I've been working on rock placecards for my niece's Bat Mitzvah in Chicago next month. I love seeing them all piled up together. We're excited for our trip to visit the Chicago 'burbs soon.
And Lotus has been donning pigtails this past week for the first time. I feel like her hair is always in her eyes, and she looks so cute with her hair back from her face. Even though they're not the tidiest pigtails. I haven't perfected my hairstyling techniques yet, and I have to be fast to get those tiny rubber bands in before she figures out what I'm doing.
I woke up one morning a couple of weeks ago and saw the Paul Frank monkey taking a ride in Lotus' Playskool airplane with Hello Kitty and the Little People pilot - which is all Bo's doing (leftover from playtime the night before.) It made me smile - he's a really good dad and he's imaginative and silly in a way that I admire. I get caught up in enforcing her naptimes and monitoring her food intake (although I admit that I am good at making up funny songs to sing)... but this is just a reminder that sometimes I need to slow down and not take things too seriously.

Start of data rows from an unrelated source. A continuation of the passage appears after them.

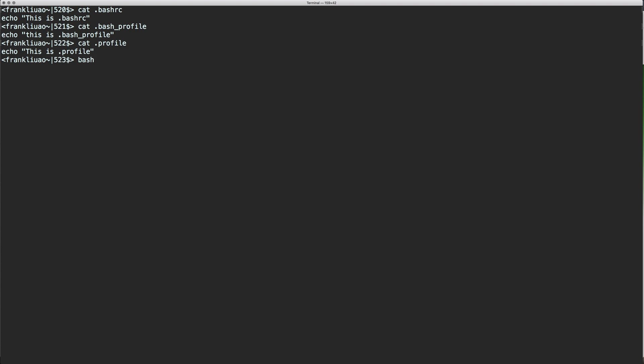So this will actually call .bashrc, but not .bash_profile or .profile. So you can see that this gives you a new Bash environment and calls .bashrc.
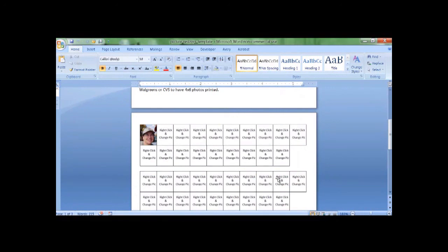Then just cut them out and insert them into the frames. I hope this helps. Thanks a lot.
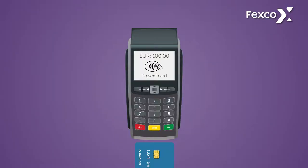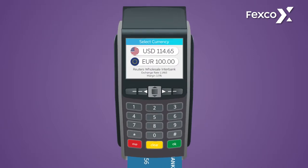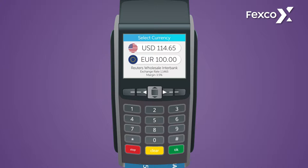The cardholder inserts, swipes or taps their card in the DCC-enabled device. If the device recognises an international card currency, the sale amount is displayed in both the local and the cardholder's home currency. The details of the exchange rate and margin are also displayed to allow the cardholder to make an informed decision.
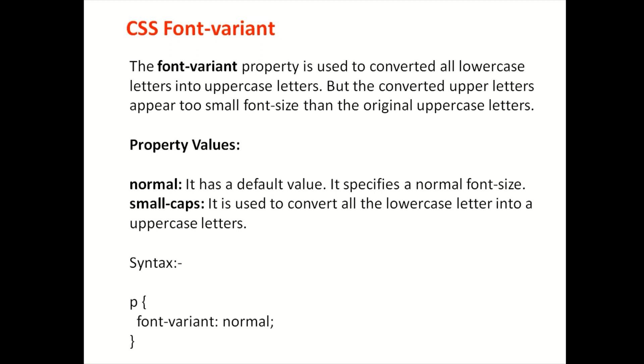If we write lowercase, then it will convert. The syntax is font-variant. I will open the font here. You must still have small-caps.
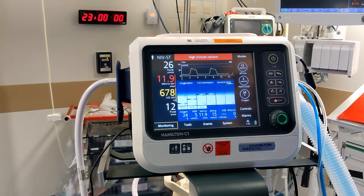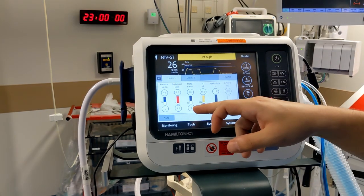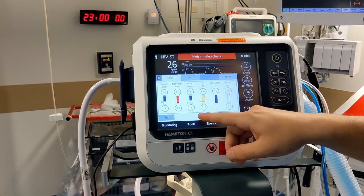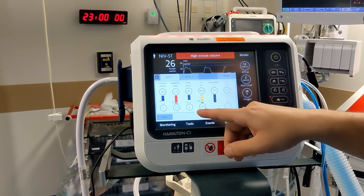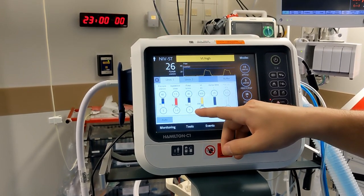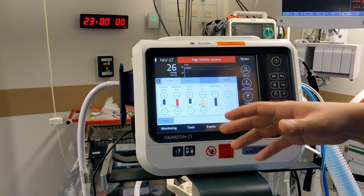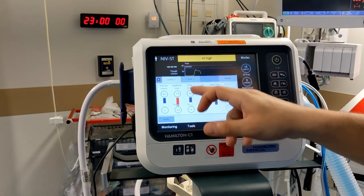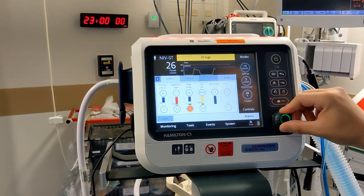The other thing worth mentioning on this machine is the alarms. If you go to Alarms, you will notice that the minimum breaths per minute that this machine will alarm on is zero by default. This means it will only alarm when the patient stops breathing entirely, which is too late. Whenever you set up this machine on a patient, go to Alarms and take the minimum breaths per minute up to at least 12.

I got some very sad news from a friend today and my heart goes out to her. It's so sudden... I emailed her to wish her a happy 30th b-day today, and she told me what happened. Life is fragile (and turns on you when you least expect it) and you've got to be grateful every day for the people in your life and the little things you take for granted. She's strong and I know she'll be okay, and I hope I can be a good friend to her through this even though I can't find the right words to say right now. I wish that I could provide just the right amount of comfort or do the perfect thing that would help her. Just 'being there' for her doesn't seem like enough.